Find the line that contains "Saint Laurent Manhattan Crossbody Mini"; please output it and each line after it, exactly as shown, up to the end of the entries below, skipping pictures.

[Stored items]
----------

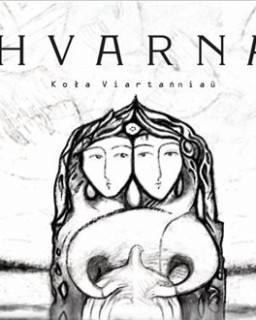 Hvarna - Kola Viartanniau [2010]  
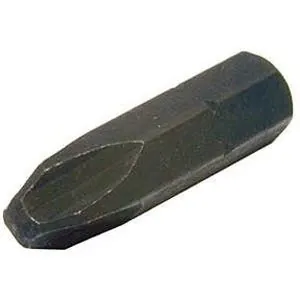 5/16" Drive Insert Bits, #4 Phillips Bit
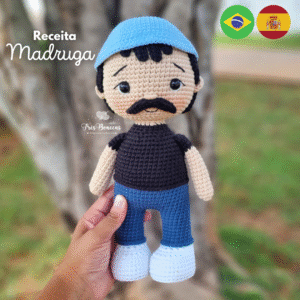 Receita Seu Madruga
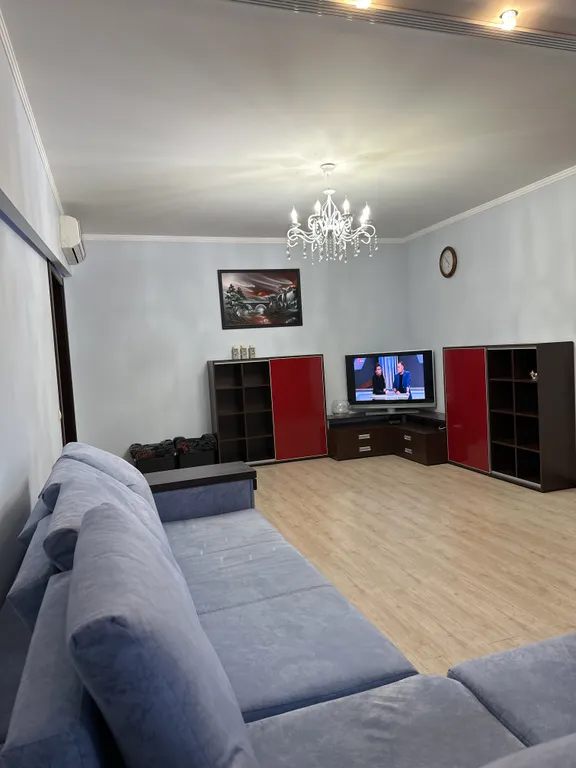Квартира в центре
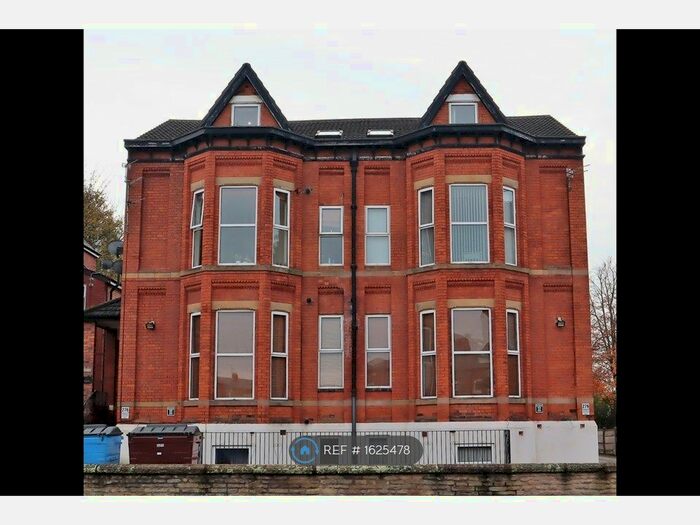 1 Bedroom Flat To Rent In Dickenson Road, Manchester, M13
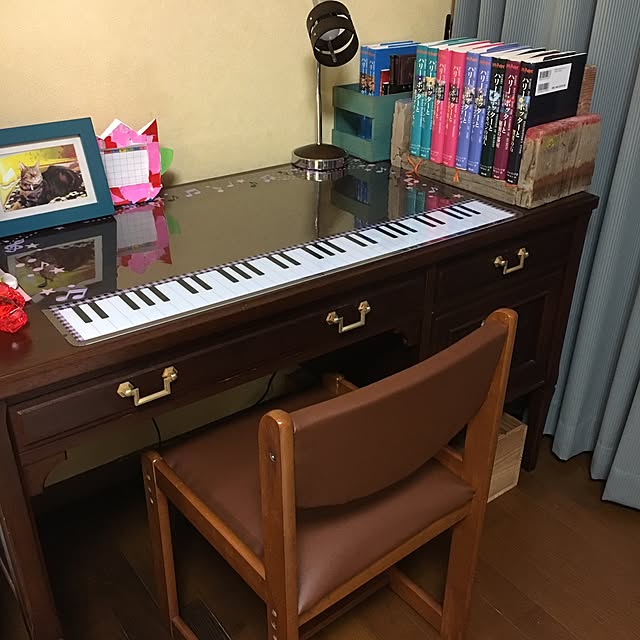 Norikoさんの実例写真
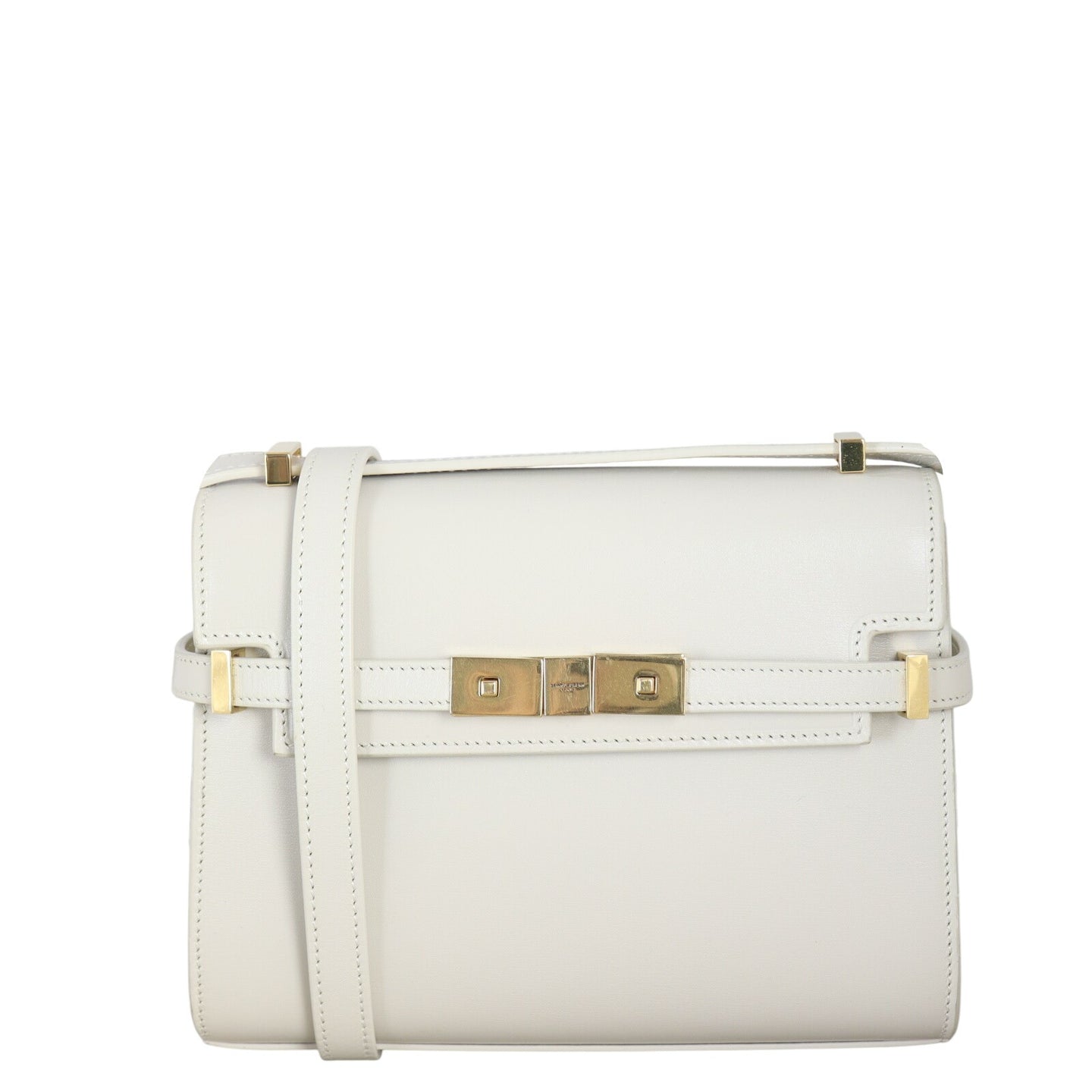 Saint Laurent Manhattan Crossbody Mini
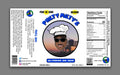 (1) Case   (12) Bottles of Poof Be Gone (Medium) 12oz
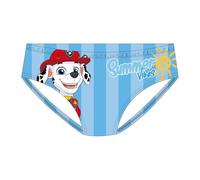 Slip Baño Paw Patrol Infantil para Niñas - Traje de Baño con Estampado Divertido, Confortable y de Secado Rápido, Ideal para la Playa y la Piscina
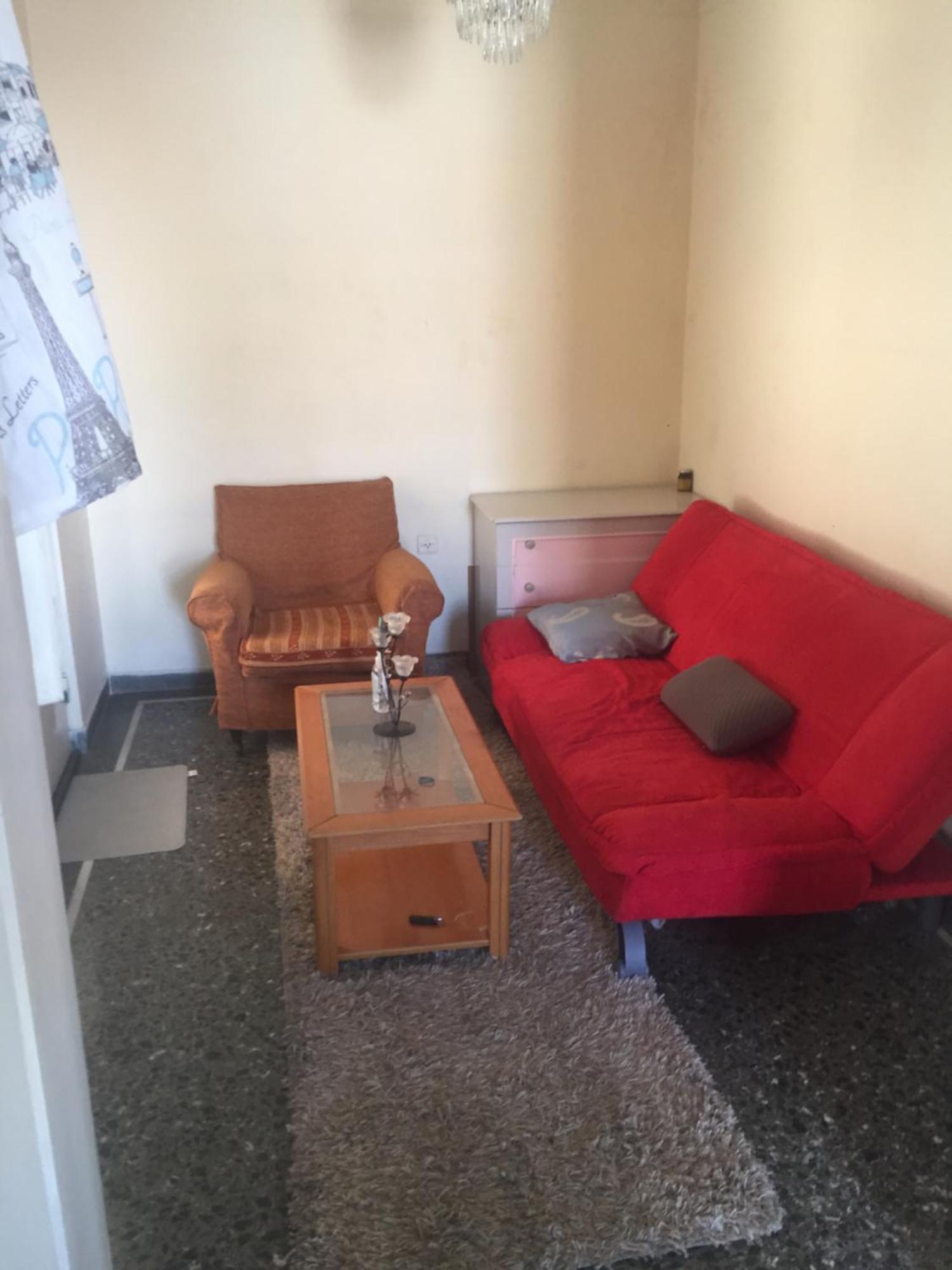 Simple & Spacious - Shared Apartment *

----------

Solution for this problem:
 Saint Laurent Manhattan Crossbody Mini
 (1) Case   (12) Bottles of Poof Be Gone (Medium) 12oz
 Slip Baño Paw Patrol Infantil para Niñas - Traje de Baño con Estampado Divertido, Confortable y de Secado Rápido, Ideal para la Playa y la Piscina
 Simple & Spacious - Shared Apartment *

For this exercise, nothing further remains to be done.